An alternative discounting function is a hyperbolic function of the form
$$f(t)=(1+k\phantom{\rule{0}{0ex}}t{)}^{-1},$$
where the discount rate, `k` ∈ [0, ∞), is a free parameter (Chung & Herrnstein, 1967; Mazur, 1987). Unlike exponential discounting, hyperbolic discounting allows for dynamically inconsistent preferences without (as well as with) amount effects. Perhaps for this reason, hyperbolic discounting functions have consistently achieved better fits to laboratory data than exponential discounting functions (e.g., Kirby & Maraković, 1995; Myerson & Green, 1995; Madden, Bickel, & Jacobs, 1999; McKerchar et al., 2009). However, there is evidence that people do not discount hyperbolically, either. For example, hyperbolic discounting implies effectively increasing patience as the front-end delay between two options increases, but Luhmann (2013) and Myerson and Green (1995) observed differently sized increases in patience than those required by hyperbolic discounting. Clearly, a good model of self-control needs to characterize precisely how people are dynamically inconsistent.

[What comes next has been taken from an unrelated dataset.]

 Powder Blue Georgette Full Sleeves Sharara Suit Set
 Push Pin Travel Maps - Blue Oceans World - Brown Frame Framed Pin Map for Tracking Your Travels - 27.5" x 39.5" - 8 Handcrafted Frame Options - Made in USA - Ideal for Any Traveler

If people are dynamically inconsistent, but not as dictated by hyperbolic discounting, a natural response would be a model in which the degree of dynamic inconsistency is controlled by a separate free parameter. In the generalized hyperbolic model of Loewenstein and Prelec (1992) (see also Benhabib, Bisin, & Schotter, 2010), which is of the form
$$f(t)=(1+\alpha \phantom{\rule{0}{0ex}}t{)}^{-\beta /\alpha},$$
dynamic inconsistency is controlled by `α` ∈ (0, ∞). (The other parameter, `β` ∈ [0, ∞), is analogous to the `k`s above.) Observe that the generalized hyperbolic model includes both exponential and hyperbolic discount functions as special cases. As `α` tends to 0, generalized hyperbolic discounting approaches exponential discounting (i.e., ${lim}_{\alpha \to {0}^{+}}(1+\alpha \phantom{\rule{0}{0ex}}t{)}^{-k/\alpha}={e}^{-k\phantom{\rule{0}{0ex}}t}$), and an ordinary hyperbolic discounter with fixed `k` is equivalent to a generalized hyperbolic discounter with `α` = `k` and `β` = 1/`k`. Other values of `α` and `β` correspond to dynamic inconsistency greater than that of hyperbolic discounting, or to degrees intermediate between exponential and hyperbolic.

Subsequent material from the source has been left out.